CourtOregon Supreme Court

David Horne, Beaverton, argued cause for petitioner on review and filed brief.

Stanton F. Long, Deputy Atty. Gen., Salem, argued cause for respondent on review. On brief were David B. Frohnmayer, Atty. Gen., John R. McCulloch, Jr., Sol. Gen., William F. Gary, Deputy Sol. Gen., and Al J. Laue, Asst. Atty. Gen., Salem.

Before DENECKE, C. J., and LENT, LINDE, ** PETERSON, TANZER and CAMPBELL, JJ.

TANZER, Justice.

This is a post-decree garnishment proceeding in a dissolution suit. 1 Plaintiff, while behind in his child support payments, received a workers' compensation award payable in monthly installments. Shortly thereafter, the Support Enforcement Division of the Department of Justice, acting on behalf of plaintiff's former wife, served a writ of garnishment upon the insurer. The circuit court dismissed the garnishment on the basis of ORS 656.234. The Court of Appeals, in banc, citing its earlier decision in Calvin v. Calvin, 6 Or.App. 572, 487 P.2d 1164, 489 P.2d 403 (1971), reversed and remanded, reinstating the garnishment. Four members dissented.

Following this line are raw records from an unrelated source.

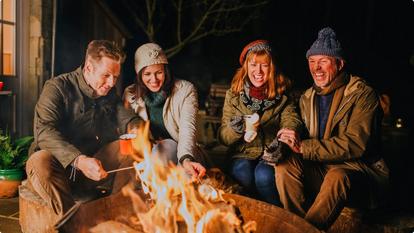 People sitting outside by firepit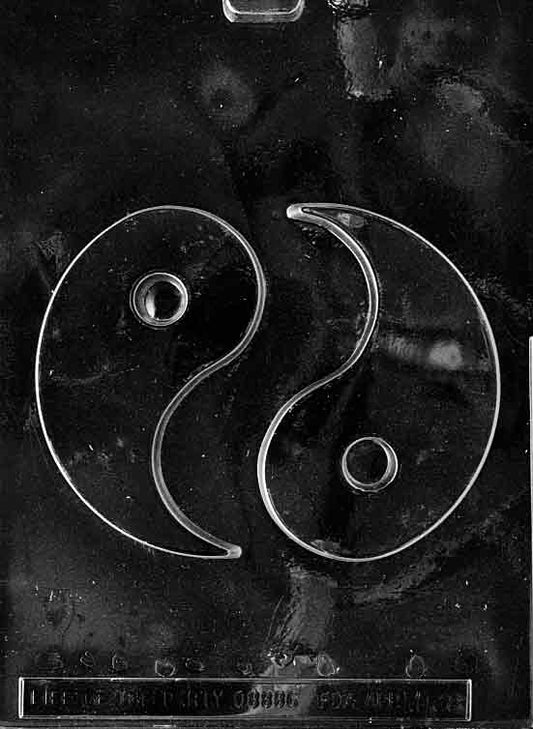 Chocolate mold M138 Yin-Yang with circular design featuring contrasting halves for chocolate projects.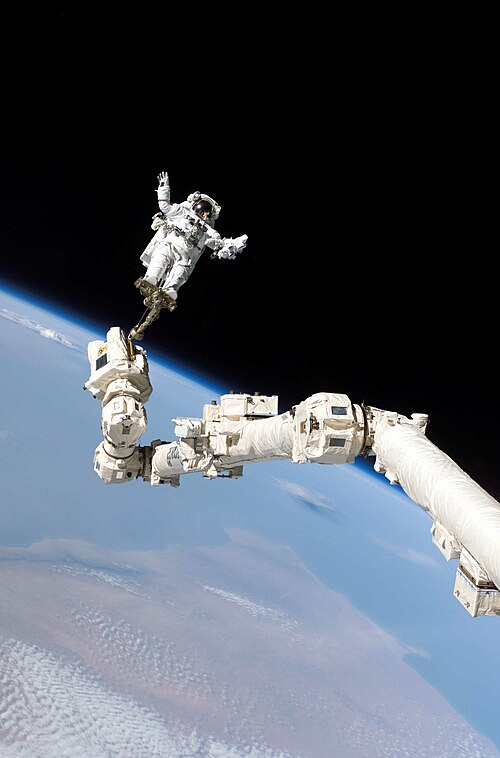 Stephen Robinson riding the Canadarm2 during STS-114 on August 3, 2005. The first in-flight repair of the Space Shuttle. The landmass in the backdrop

The controlling statute purports to exempt workers' compensation benefits from garnishment. ORS 656.234 provides:

"No moneys payable under ORS 656.001 to 656.824 on account of injuries or death are subject to assignment prior to their receipt by the beneficiary entitled thereto, nor shall they pass by operation of law. All such moneys and the right to receive them are exempt from seizure on execution, attachment or garnishment, or by the process of any court."

The words of ORS 656.234 clearly and unambiguously exempt moneys payable as workers' compensation benefits from garnishment. It is fundamental that courts apply clear, unambiguous, constitutional statutes according to their plain meaning, without resort to extrinsic evidence of legislative intent, Hillman v. North. Wasco Co. PUD, 213 Or. 264, 310, 323 P.2d 664 (1958); School Dist. 1, Mult. Co. v. Bingham et al., 204 Or. 601, 604, 283 P.2d 670, 284 P.2d 779 (1955), unless application of the literal meaning would produce an unintended, absurd result, Brown v. Portland School Dist. # 1, 291 Or. 77, 83, 628 P.2d 1183 (1981), or "if the literal import of the words is so at variance with the apparent policy of the legislation as a whole as to bring about an unreasonable result," Johnson v. Star Machinery Co., 270 Or. 694, 704, 530 P.2d 53 (1974). Although one policy of the Workers' Compensation Act is to provide for dependents, another is to provide for the worker. We do not find that the literal import of the words produces a result so absurd or unreasonable in light of the apparent policy of the Act that we can say that the intention of the legislature requires that we disregard their plain meaning.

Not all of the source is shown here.